GOAL OF THE EXERCISE: Leaving out all pictures, restate word for word the lines from the one with "Poster dynamic swirls" through the last line of the entries.

EXERCISE DATA:
■ ■ ■ ■ ■

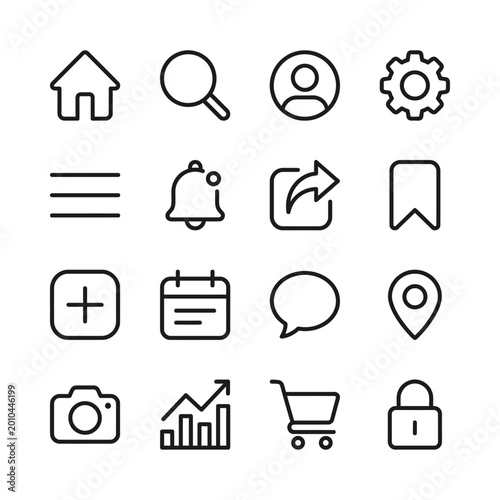 Canvastavla Versatile set of sixteen clean outline icons for user interface and web design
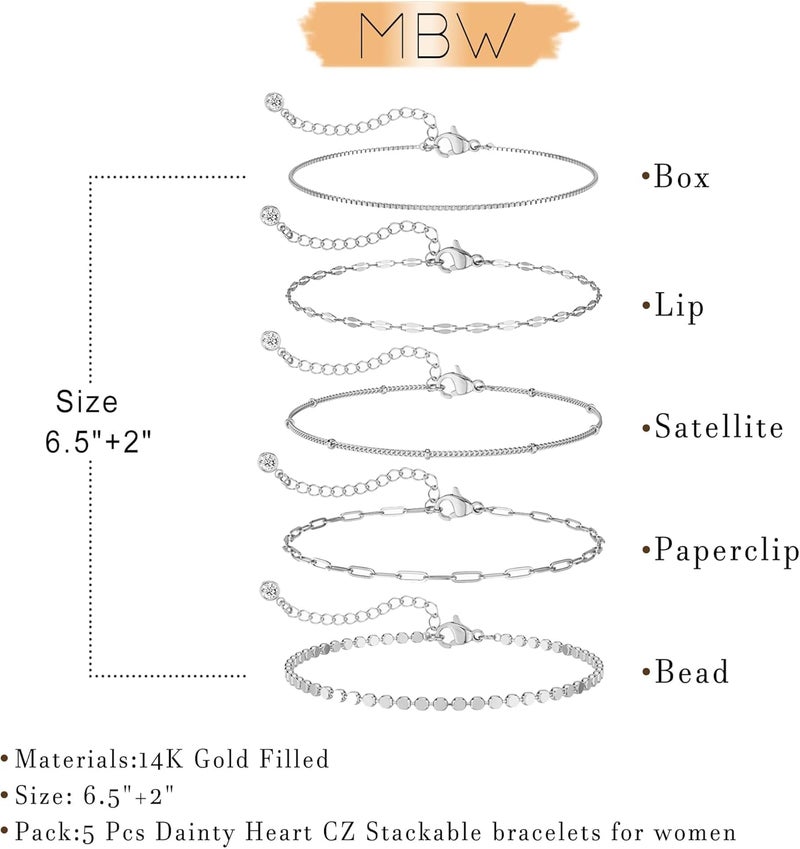 MBW Silver Plated Bracelets for Women, Dainty Silver Bracelets for Women Set Bracelet Stack Waterproof Jewelry for Women Trendy Minimalist Simple Small Thin Bracelet Set for Women Teen Gift - Image 3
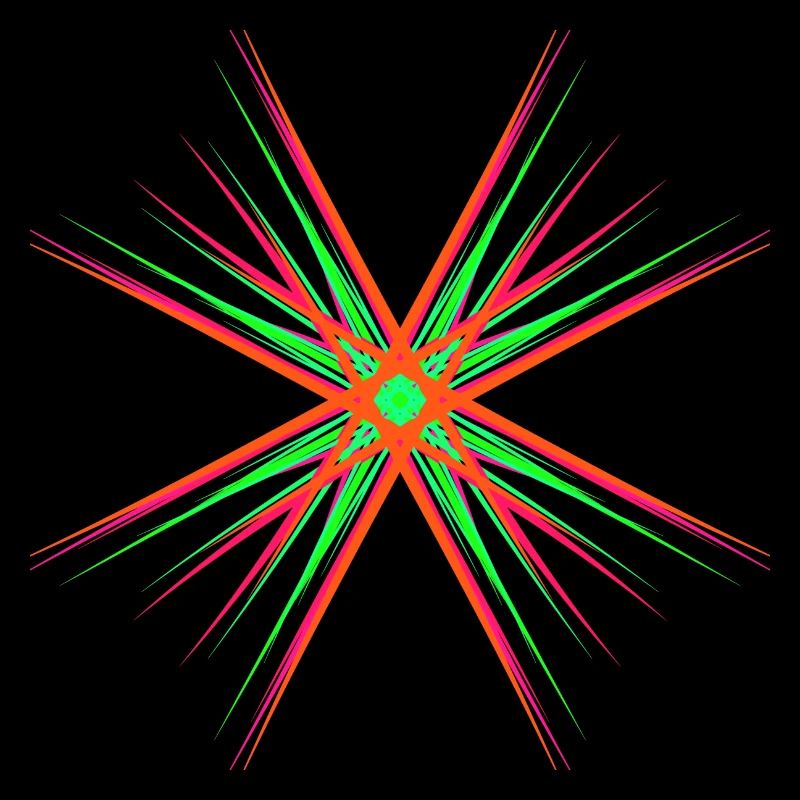 Étoile composée de plusieurs couleurs vives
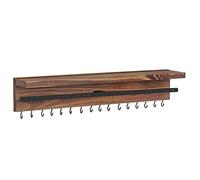 SONGMICS Jewellery Organiser, Wall-Mounted Jewellery Display with Shelf, Hooks, Earring, Bracelets Holder, Gift, Rustic Brown JJS10CB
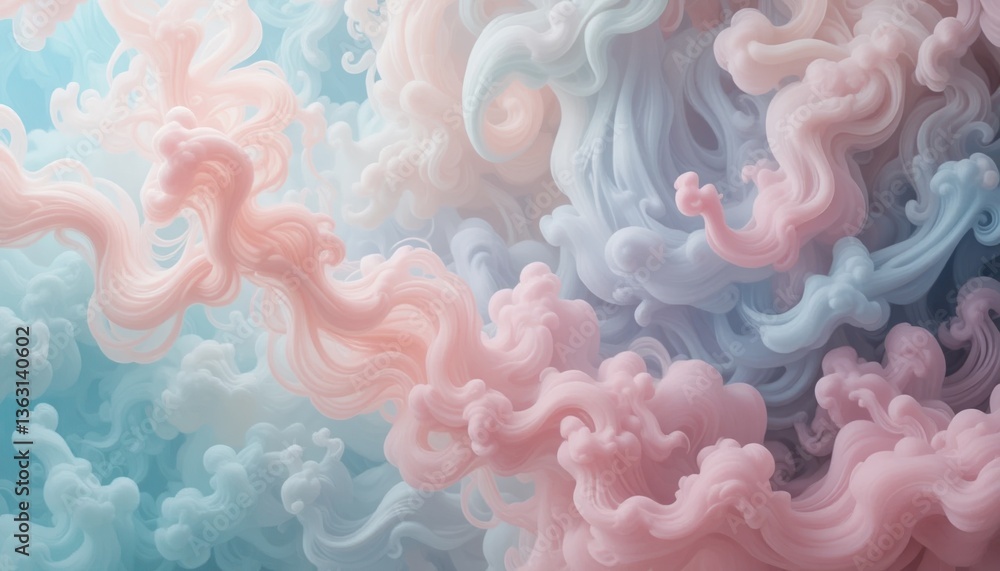 Poster dynamic swirls of abstract colorful smoke digital art creation modern aesthetic soft pastel environm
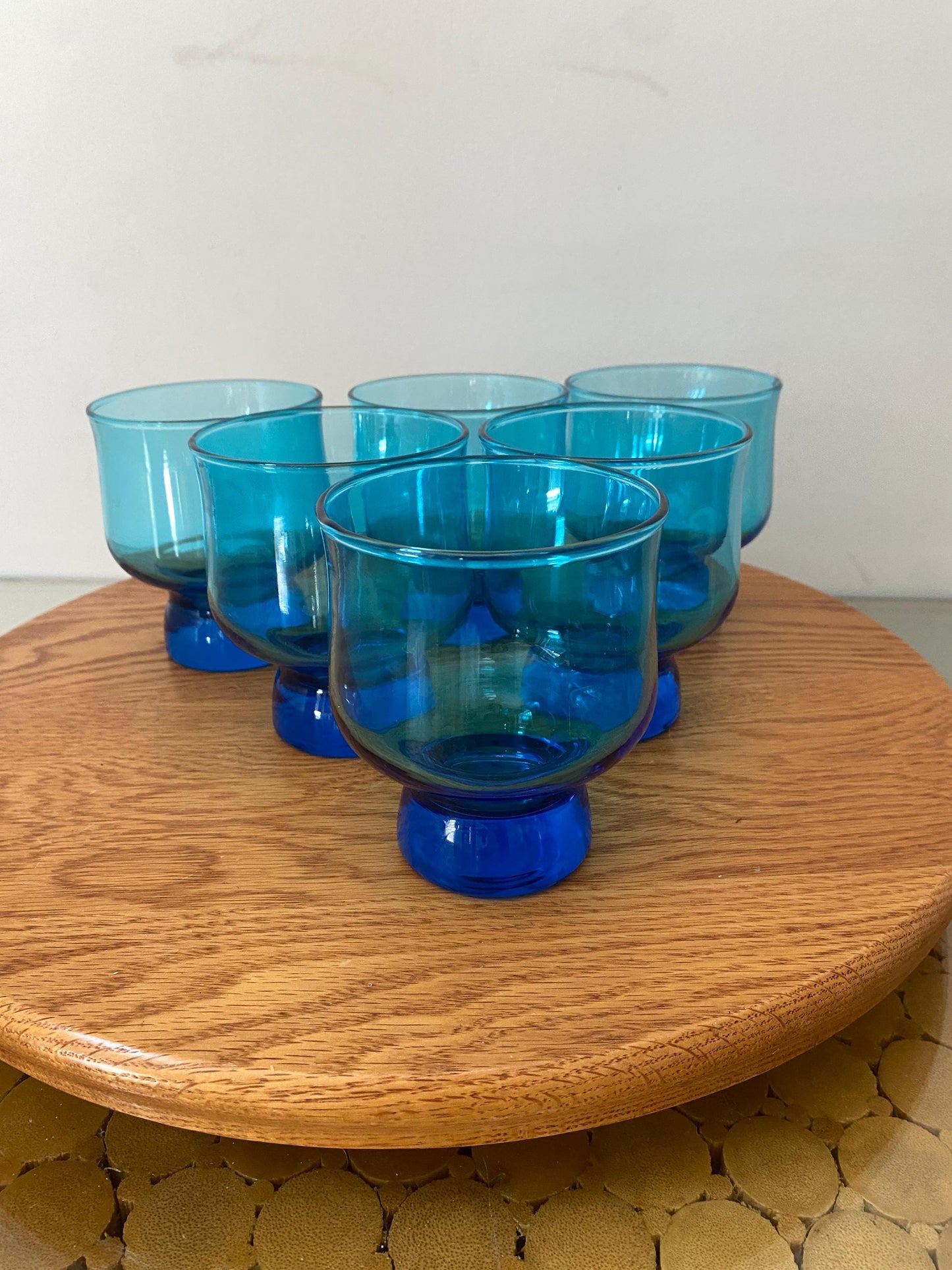 Vintage Set of 6 Tivoli Anchor Hocking Low Ball Bright Aqua Blue Glasses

■ ■ ■ ■ ■

RESPONSE TO THE EXERCISE:
 Poster dynamic swirls of abstract colorful smoke digital art creation modern aesthetic soft pastel environm
 Vintage Set of 6 Tivoli Anchor Hocking Low Ball Bright Aqua Blue Glasses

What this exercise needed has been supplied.